Write the data out in full and word for word. Do not include images.

*** Supplied material Section Begins ***

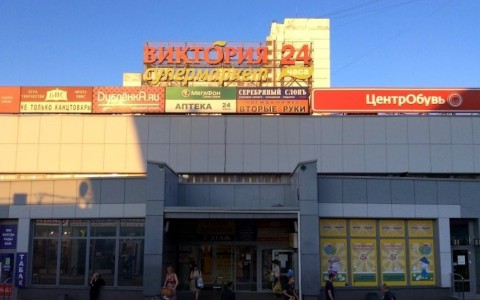 Ногу ребёнка затянуло в ленту эскалатора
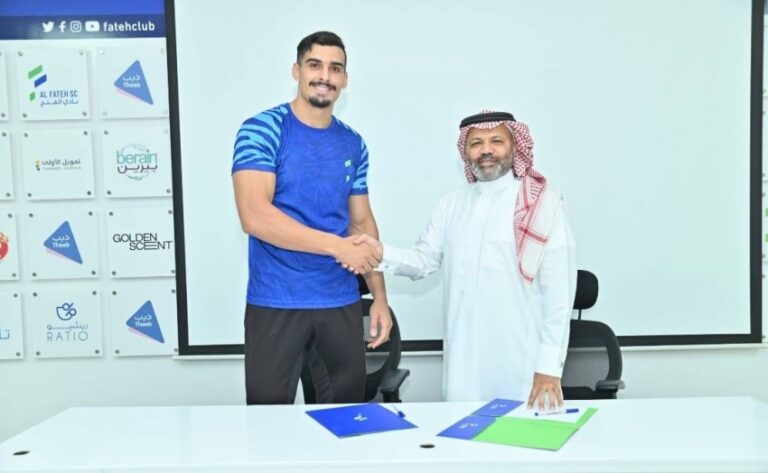 الفتح-يوقع-مع-جواد-الغافلي-والتونسي-بلال-لطفي-لدعم-فريق-اليد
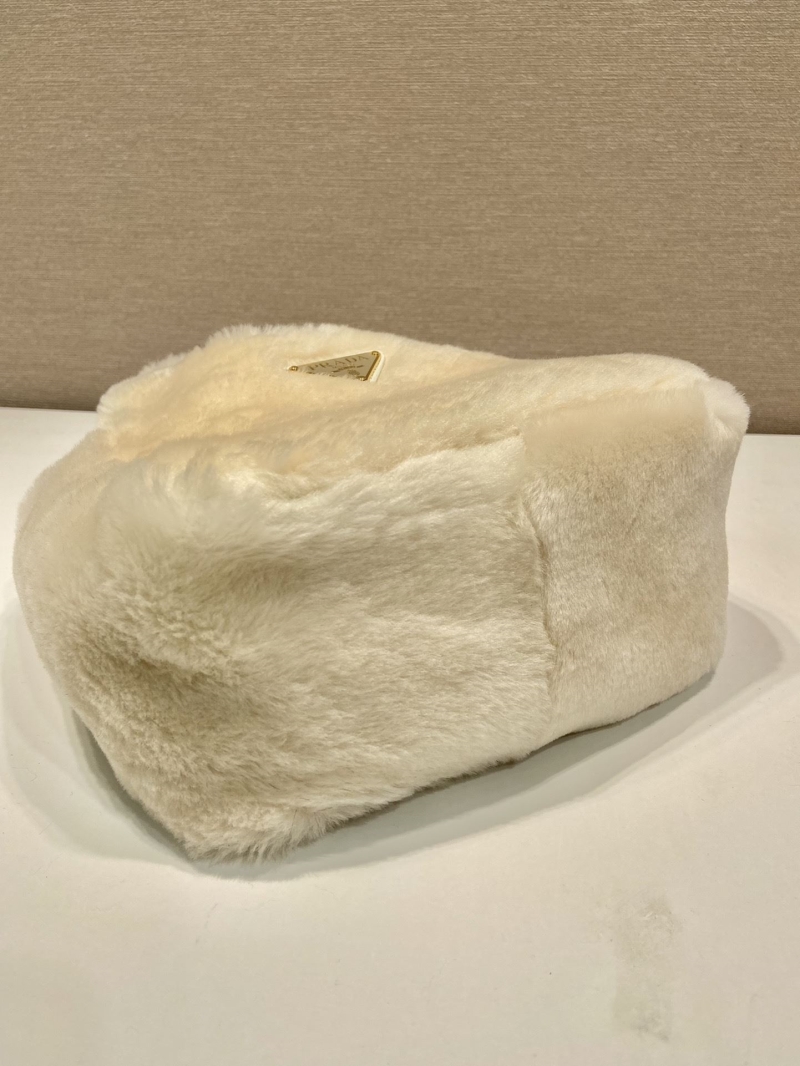 Pra*a bucket bags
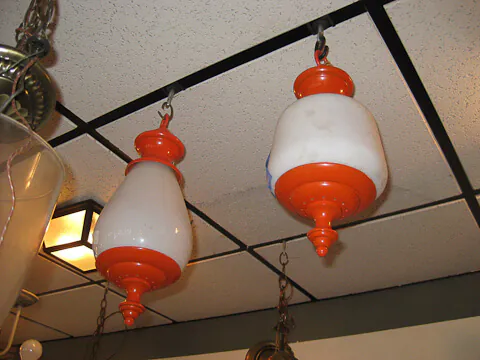 1970s-orange-swag-lights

*** Supplied material Section Ends ***

▸ **Answer for the task**
 Ногу ребёнка затянуло в ленту эскалатора
 الفتح-يوقع-مع-جواد-الغافلي-والتونسي-بلال-لطفي-لدعم-فريق-اليد
 Pra*a bucket bags
 1970s-orange-swag-lights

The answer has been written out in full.